A clear shift of power took place in the run up to 2009, as fishermen mobilised their allies with common sense and good data to influence annual stock management decisions by EU ministers, reports Peter O’Neill.

Fisheries' Commissioner Joe Borg (left) and Council President Michel Barnier face the press after the December herring breakthrough by fishermen. ©Council of the EU

The EU Commission (EC) and scientists had proposed what some berated as the 'blunt' instrument closure of West of Scotland herring boxes. This could have knocked out cod, haddock and whiting catches and holed the nephrops’ industry.

The closure proposal was finally abandoned by ministers, a recognition that fishermen can be trusted to be selective and work for sustainable, local management.

By 'frontloading' (getting some stock decisions out of the way earlier in the year) this meant ministers had more time at their the pre-Christmas 18-19 December Council meeting. The usual chaos was reduced to a few late-night skirmishes. Fishermen boldly rejected an initial herring compromise, shot their doors again and pulled in a resounding catch. The value added was that more 'real' fishermen’s data, not just 'scientific' models, not only made it onto the agenda but won the argument.

The moral: small groups of fishermen are easy to bypass, but their allies in regional and pan-European parliaments cannot be ignored by the EC and Council. All fishermen across the EU can benefit from early tactical planning, backed by their year-round data collection. This maximises their frontline position compared with scientists’ occasional test catches and modelling.

Scottish fishermen were ready for action after scientists, in early November, proposed fishery closure whenever the herring biomass might drop below 50,000t (there were other permutations which can be seen in the Council report*).

The European Parliament (EP) fisheries’ committee responded with a clear “No” and with others advocated an intelligent strategy. The same week, the matter was formally put into the Scottish Parliament (SP). Its agriculture and fisheries’ committee was officially briefed about the closure danger and linked risk to the ₤50m Scottish nephrops’ industry. Official Scottish government research says “Scotland takes about one third of the total world Nephrops [sic] landings, and is allocated the majority of the North Sea and Scottish west coast Total Allowable Catches (TAC)”.

Scottish MEP Struan Stevenson wrote the first report for the EP fisheries committee. A month later on 4 December, its plain facts, against closure and for intelligent management, were swept along by a tidal wave of all Europe’s MEPs who voted 529 for, 49 against with nine abstentions.

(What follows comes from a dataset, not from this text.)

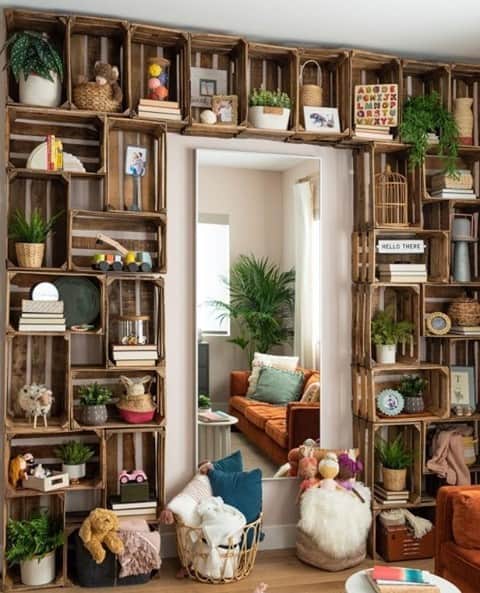 HGTVさんのインスタグラム写真 - (HGTVInstagram)「We love the “imperfect perfection” of this @jasminerothofficial's vintage crate nursery upcycle. 🙌 ⁠ ⁠ To outfit the nursery she and her husband built for their baby girl, Jasmine headed to the “hoarder’s paradise” that is the Long Beach, California, flea market and purchased a truly massive collection of vintage crates. 💸 This built-in storage wall frames a floor-length mirror (which just happens to be a perfect place to take photos with her daughter). 👶⁠ ⁠ Repurposing a Mason jar as a drinking glass is nifty and all, but have you seen a mid-mod concrete planter repurposed as a sink? 😍 Be inspired by our stars’ cleverest ways of making sure nothing—seriously, nothing—goes to waste. ♻️⁠ ⁠ Find 40 of our favorite upcycles from HGTV stars when you visit the link in our profile (and then click on this photo). 🔝 🤩⁠ ⁠ 📸 Michael Radford⁠ ⁠ #FreshStart #upcycle #upcycling #DIYdecor」1月12日 2時20分 - hgtv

The Euro currency of mediaeval Europe, a barrel of herring, was back.

The cod conundrum, and all discard management, remain works in progress. The EC/scientific bloc must maximise cod’s resurgence, not over focus on waste. Witness the cited 2006 research by Catchpole et al. - 'waste”' from the Scottish nephrops’ fishery provides 37 per cent of food for scavenger fish.

Scottish fishermen will get some funding for what will be a major, tough reorganisation of their catch operations but the SP said it will fast track the funding.

A more sophisticated management approach, led by the fishermen, has won the day.